When it became apparent that I was not going to be the next Liberace (though I would someday develop a flair of my own), I stopped taking lessons, though I still practiced my songs frequently. I continued to dread performing for guests (something I was expected to do, and looking back, it was probably really good for me), but as I matured, I’d vent my emotions on the ivories when I found myself home alone and feeling petulant (a frequent occurrence throughout my teen years).
Mom and Dad gave me the piano when I married and it has traveled with us for 20 year of Army relocations. I made both our boys take a year’s worth of lesson when they were young, and they were not prodigies, either.

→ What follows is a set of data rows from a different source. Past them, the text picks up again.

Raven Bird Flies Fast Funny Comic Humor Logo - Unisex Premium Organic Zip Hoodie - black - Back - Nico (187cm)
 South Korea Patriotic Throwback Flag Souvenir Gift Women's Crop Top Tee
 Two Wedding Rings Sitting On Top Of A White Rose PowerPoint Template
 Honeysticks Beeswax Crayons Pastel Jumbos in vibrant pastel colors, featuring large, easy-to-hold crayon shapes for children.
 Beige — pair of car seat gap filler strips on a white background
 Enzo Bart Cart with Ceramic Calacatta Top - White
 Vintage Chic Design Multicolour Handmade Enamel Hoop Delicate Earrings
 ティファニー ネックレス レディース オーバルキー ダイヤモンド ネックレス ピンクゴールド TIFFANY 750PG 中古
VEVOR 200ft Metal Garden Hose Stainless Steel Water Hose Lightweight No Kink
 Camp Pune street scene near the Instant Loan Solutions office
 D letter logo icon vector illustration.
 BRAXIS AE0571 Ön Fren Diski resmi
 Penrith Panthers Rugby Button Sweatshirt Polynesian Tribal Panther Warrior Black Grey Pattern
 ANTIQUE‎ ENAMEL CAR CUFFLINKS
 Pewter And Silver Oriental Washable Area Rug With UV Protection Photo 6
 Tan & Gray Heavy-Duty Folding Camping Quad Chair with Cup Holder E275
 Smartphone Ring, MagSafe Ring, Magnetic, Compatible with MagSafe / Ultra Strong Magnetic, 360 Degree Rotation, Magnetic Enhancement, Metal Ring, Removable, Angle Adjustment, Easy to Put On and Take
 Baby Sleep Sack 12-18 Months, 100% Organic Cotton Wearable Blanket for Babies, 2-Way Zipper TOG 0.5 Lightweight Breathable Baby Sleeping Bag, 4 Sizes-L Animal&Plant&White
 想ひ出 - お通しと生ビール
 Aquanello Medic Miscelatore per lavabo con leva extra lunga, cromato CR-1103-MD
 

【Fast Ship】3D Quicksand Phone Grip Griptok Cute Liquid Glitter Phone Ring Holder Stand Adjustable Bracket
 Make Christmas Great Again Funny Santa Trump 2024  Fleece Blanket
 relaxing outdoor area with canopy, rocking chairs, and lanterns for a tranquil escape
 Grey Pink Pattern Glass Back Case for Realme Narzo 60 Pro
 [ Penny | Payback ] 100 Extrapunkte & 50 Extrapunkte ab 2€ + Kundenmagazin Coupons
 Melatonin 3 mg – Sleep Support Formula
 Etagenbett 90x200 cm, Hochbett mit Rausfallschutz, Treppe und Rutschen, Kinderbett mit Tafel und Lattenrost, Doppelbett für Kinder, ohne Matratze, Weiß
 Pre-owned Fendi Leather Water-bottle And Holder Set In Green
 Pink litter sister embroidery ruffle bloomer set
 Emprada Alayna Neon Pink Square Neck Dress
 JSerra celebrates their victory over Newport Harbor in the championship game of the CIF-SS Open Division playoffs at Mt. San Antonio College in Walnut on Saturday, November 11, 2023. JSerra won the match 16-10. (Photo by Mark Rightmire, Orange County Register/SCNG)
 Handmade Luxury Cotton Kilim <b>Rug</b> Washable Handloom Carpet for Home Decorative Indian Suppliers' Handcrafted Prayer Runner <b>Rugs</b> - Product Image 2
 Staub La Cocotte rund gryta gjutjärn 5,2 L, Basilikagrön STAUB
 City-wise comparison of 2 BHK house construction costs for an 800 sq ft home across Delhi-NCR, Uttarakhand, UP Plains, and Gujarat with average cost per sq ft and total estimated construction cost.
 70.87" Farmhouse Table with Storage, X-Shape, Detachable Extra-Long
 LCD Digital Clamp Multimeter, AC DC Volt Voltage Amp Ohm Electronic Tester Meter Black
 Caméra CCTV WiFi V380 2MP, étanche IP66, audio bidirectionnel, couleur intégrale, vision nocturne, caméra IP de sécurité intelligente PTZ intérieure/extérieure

It looks lovely in our foyer, and over the past 5+ years I have played it a handful of times, generally right before Christmas when I’ll pull out my ancient books to prove to myself that I can still play a thing or two. But generally I avoid sitting on the little piano bench (other than to pull off snowy boots), and with each passing avoidance I feel a twinge of guilt.
It feels like when someone has given you a gift and you’ve somehow let too much time pass before sending a “Thank you.” Before you know it, you’ve decided that it’s really too late, and you rationalize your failure to do the right thing. It’s not a good feeling.
And so today I pulled out the bench. I opened it and found the first recital piece I ever had to play in public: “From a Lighthouse Window” by Edna-Mae Burnam, and I played the heck out of it.
It felt wonderful. Thank you, old friend.
2 replies on “Avoidance”
Ah, I really like this.
Do you have any experience with avoiding things that ultimately make you feel good when you finally stop avoiding?